While states get some reimbursement from the federal government for that money,
they still end up losing 54 cents for every dollar of the insurance tax. A tax
is a tax is a tax, no matter what convoluted means it takes to assess it.
For states like Texas,
for example, that means an unexpected budget hit of $120 million annually. In
addition, the fraudulent assessment raises serious issues over federal
coercion, since the states have no choice but to either pay the tax or lose
their federal Medicaid funds. As a result, Texas, and later Kansas and
Louisiana, sued the federal government.
Eventually six states
filed a lawsuit against the Obama administration over the Affordable Care Act.
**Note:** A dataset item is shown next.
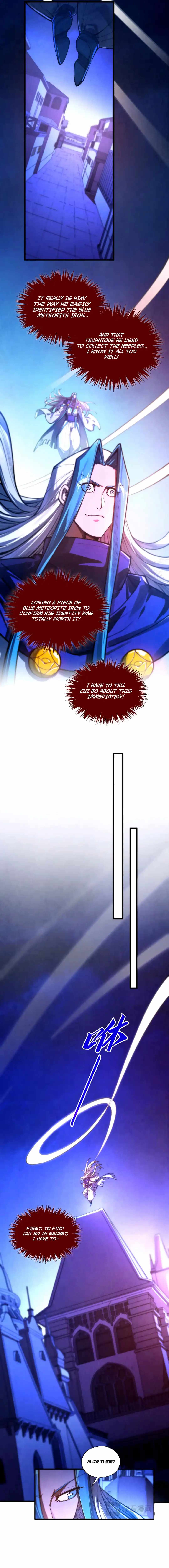 The Eternal Supreme Chapter 454 - Page 4 in English
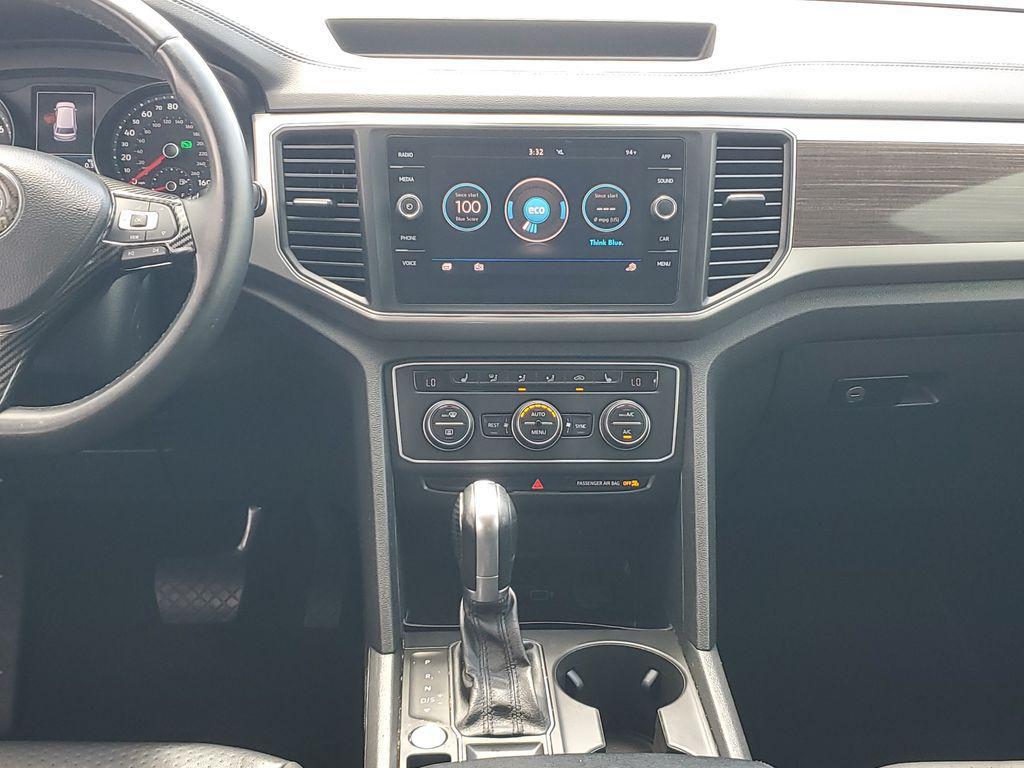 used 2019 Volkswagen Atlas car, priced at $14,793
At issue is the complaint that Texas, Wisconsin, Kansas, Louisiana, Indiana and
Nebraska filed in the Northern District of Texas regarding the Health Insurance
Providers Fee assessed to health insurers to cover federal subsidies.
The lawsuit points out
that nothing in the Affordable Care Act’s language provides clear notice that
states would also have to pay the fee.
“This notice was not
even provided by rule but was ultimately provided by a private entity wielding
legislative authority,” the suit says.
The suit seeks an
injunction against the federal rules that say states are responsible for the
fee. It also asks that states be refunded for what they’ve already paid.